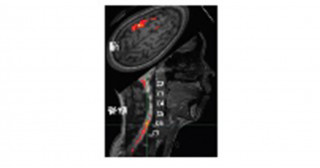 新規MRI技術で利き手の神経制御メカニズムを解明～手指運動中の脳・脊髄機能結合パターンの左右差を世界で初めて計測～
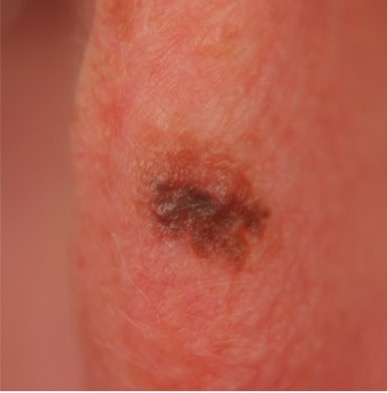 melanoma in situ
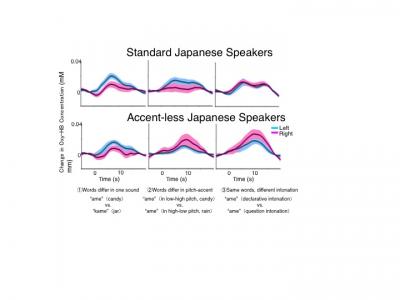 Graph Showing Brain Activity in the Right and Left Hemispheres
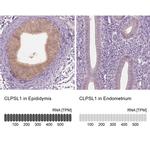 CLPSL1 Antibody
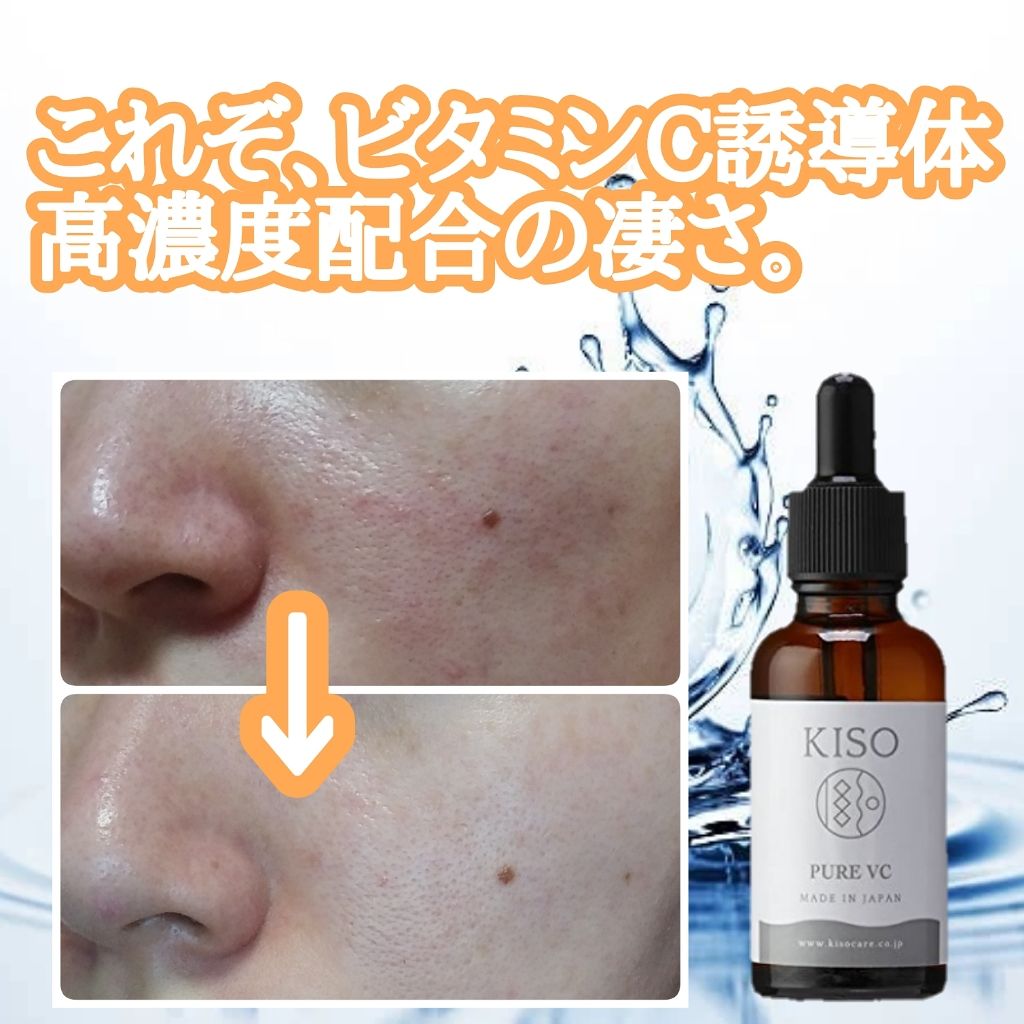 ハトムギ化粧水(ナチュリエ スキンコンディショナー R )/ナチュリエ/化粧水を使ったクチコミ(1枚目)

# # #

What you should do: Pictures are not part of the copy; reproduce everything else in the records exactly.

Output of the task:
 新規MRI技術で利き手の神経制御メカニズムを解明～手指運動中の脳・脊髄機能結合パターンの左右差を世界で初めて計測～
 melanoma in situ
 Graph Showing Brain Activity in the Right and Left Hemispheres
 CLPSL1 Antibody
 ハトムギ化粧水(ナチュリエ スキンコンディショナー R )/ナチュリエ/化粧水を使ったクチコミ(1枚目)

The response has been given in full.